Last Saturday, the shuttle Columbia, including its crew of seven, was lost over Texas during the landing attempt that would have returned it to Florida. While the loss was a shock to all involved, as well as to the public that watched the investigation unfold on television and radio, it showed how much the public cares about space exploration.
In the numerous news specials that I watched over the weekend, not one reference was made about the possible end of the space program, even though seven people died.
Similar to the tragic loss of the shuttle Challenger almost exactly 17 years ago, the public seems to have a newly stirred interest in exploration of the by now proverbial “final frontier,”and the general outcry seems to be for a bigger budget set aside for NASA and the shuttle program.
Maybe this is even the moment to start discussing plans for a new shuttle. NASA has been trying to get the funding for a new breed of shuttles that would be safer and possibly even cheaper to operate. Since the prototype for the currently used breed of shuttles was built in the 1970s (aptly named Enterprise), advances have been made that could be incorporated into a newly designed shuttle. And time for a new shuttle it is.
The Columbia was on its 28th flight when the accident occurred, and of the three other shuttles still in the fleet –the Endeavor, Atlantis and the Discovery — some have flown as many as 30 missions.
The fleet is receiving painstaking checkups, and by now every part has been replaced numerous times, making them still safe to use. The technology is outdated, however, and a new breed of shuttles is more than warranted.

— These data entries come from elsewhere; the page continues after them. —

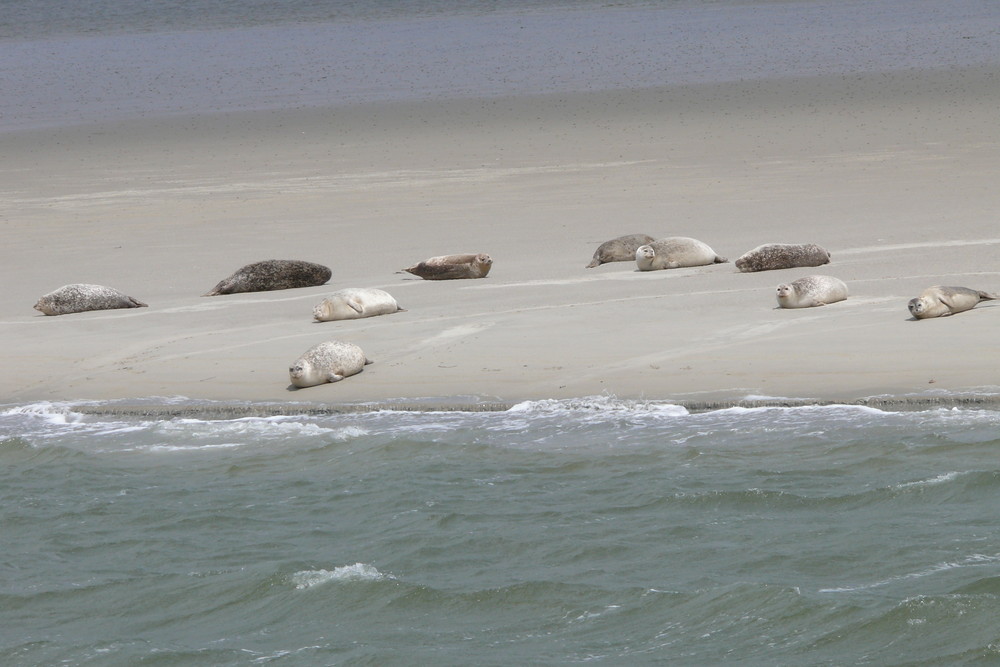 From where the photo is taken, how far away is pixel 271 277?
12938mm

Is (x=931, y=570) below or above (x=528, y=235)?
below

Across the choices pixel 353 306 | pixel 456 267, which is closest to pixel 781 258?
pixel 456 267

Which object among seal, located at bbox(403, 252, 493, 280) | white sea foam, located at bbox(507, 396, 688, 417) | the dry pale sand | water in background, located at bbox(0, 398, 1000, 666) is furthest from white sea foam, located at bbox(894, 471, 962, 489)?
seal, located at bbox(403, 252, 493, 280)

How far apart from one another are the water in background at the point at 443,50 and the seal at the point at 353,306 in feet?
64.4

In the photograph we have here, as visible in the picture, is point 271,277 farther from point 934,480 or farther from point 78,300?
point 934,480

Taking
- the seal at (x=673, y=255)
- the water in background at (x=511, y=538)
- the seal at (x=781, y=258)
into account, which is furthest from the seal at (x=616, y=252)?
the water in background at (x=511, y=538)

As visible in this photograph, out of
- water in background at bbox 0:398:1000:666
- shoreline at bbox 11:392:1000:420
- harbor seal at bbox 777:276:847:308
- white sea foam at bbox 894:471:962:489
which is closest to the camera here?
water in background at bbox 0:398:1000:666

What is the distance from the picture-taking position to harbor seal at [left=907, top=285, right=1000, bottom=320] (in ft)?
32.0

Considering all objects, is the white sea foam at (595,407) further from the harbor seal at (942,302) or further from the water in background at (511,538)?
the harbor seal at (942,302)

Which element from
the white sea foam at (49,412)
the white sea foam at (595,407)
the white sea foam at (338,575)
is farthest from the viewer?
the white sea foam at (49,412)

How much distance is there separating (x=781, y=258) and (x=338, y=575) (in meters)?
6.59

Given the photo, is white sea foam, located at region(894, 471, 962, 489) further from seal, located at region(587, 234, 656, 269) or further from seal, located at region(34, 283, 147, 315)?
seal, located at region(34, 283, 147, 315)

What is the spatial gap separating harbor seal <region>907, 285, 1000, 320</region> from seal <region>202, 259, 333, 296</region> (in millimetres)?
5400

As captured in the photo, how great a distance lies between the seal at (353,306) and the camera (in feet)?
36.7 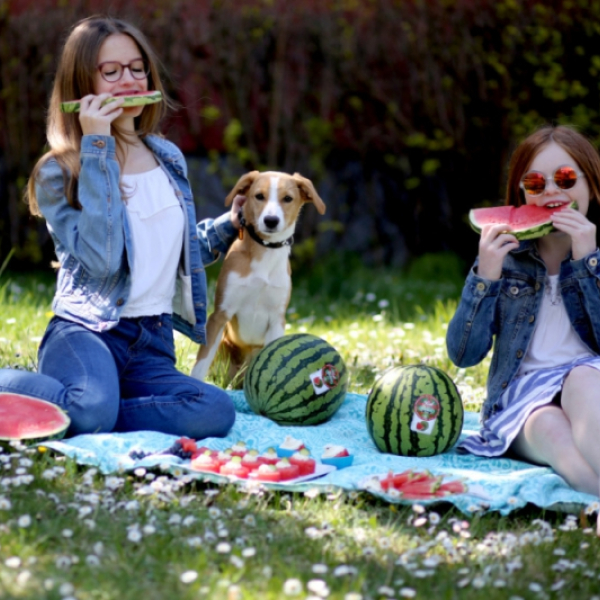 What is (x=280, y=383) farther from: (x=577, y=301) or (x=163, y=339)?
(x=577, y=301)

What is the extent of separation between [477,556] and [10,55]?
8855mm

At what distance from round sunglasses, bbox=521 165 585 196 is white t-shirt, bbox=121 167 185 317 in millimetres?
1744

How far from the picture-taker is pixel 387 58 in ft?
34.8

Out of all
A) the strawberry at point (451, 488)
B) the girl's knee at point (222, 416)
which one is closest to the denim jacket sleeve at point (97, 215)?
the girl's knee at point (222, 416)

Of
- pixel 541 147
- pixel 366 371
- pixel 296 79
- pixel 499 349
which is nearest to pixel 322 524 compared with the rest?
pixel 499 349

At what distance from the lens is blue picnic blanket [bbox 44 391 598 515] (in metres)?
3.54

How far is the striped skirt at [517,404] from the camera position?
394 centimetres

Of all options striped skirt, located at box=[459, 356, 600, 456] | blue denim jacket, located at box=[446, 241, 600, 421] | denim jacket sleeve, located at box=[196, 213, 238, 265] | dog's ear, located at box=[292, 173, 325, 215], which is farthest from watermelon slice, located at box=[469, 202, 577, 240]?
denim jacket sleeve, located at box=[196, 213, 238, 265]

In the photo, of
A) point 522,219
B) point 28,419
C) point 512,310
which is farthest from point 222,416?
point 522,219

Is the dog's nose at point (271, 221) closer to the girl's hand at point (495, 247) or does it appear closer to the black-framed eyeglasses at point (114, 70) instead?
the black-framed eyeglasses at point (114, 70)

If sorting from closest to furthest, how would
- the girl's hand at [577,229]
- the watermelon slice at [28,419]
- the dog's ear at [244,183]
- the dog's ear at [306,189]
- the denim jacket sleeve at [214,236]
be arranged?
the watermelon slice at [28,419] → the girl's hand at [577,229] → the denim jacket sleeve at [214,236] → the dog's ear at [244,183] → the dog's ear at [306,189]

It is good to see, that a mission that is first and foremost one of peaceful exploration still holds the public’s interest.
Often enough, technology has advanced by way of human beings’ efforts to find a better way to kill each other. During World War II, the many advances made in chemical warfare led to advances in the chemical industry still in use even today.
The Navy also invented a device then called fathometer to tell the depth of water the ships were currently in. This device led directly to the explanation of the model for plate tectonics and completely revised the field of geology. It revealed the geological formations existing under the water’s surface for the first time.
Now should be the time to move away from this approach, and the space program is a prime candidate, as the International Space Station that is currently being built in the earth’s orbit already offers a place for scientists from many nations to work together as a team.
It is also often misunderstood that the program only teaches us things about space. It also offers a better understanding of how and why things work on Earth, supporting experiments in biology and other sectors that can only be conducted in the zero gravity environments.
Another outcome is even more valuable: What could possibly bring this planet more together than countries peacefully working with each other to explore the planet?
Sebasitan Meyer is a junior majoring in environmental science.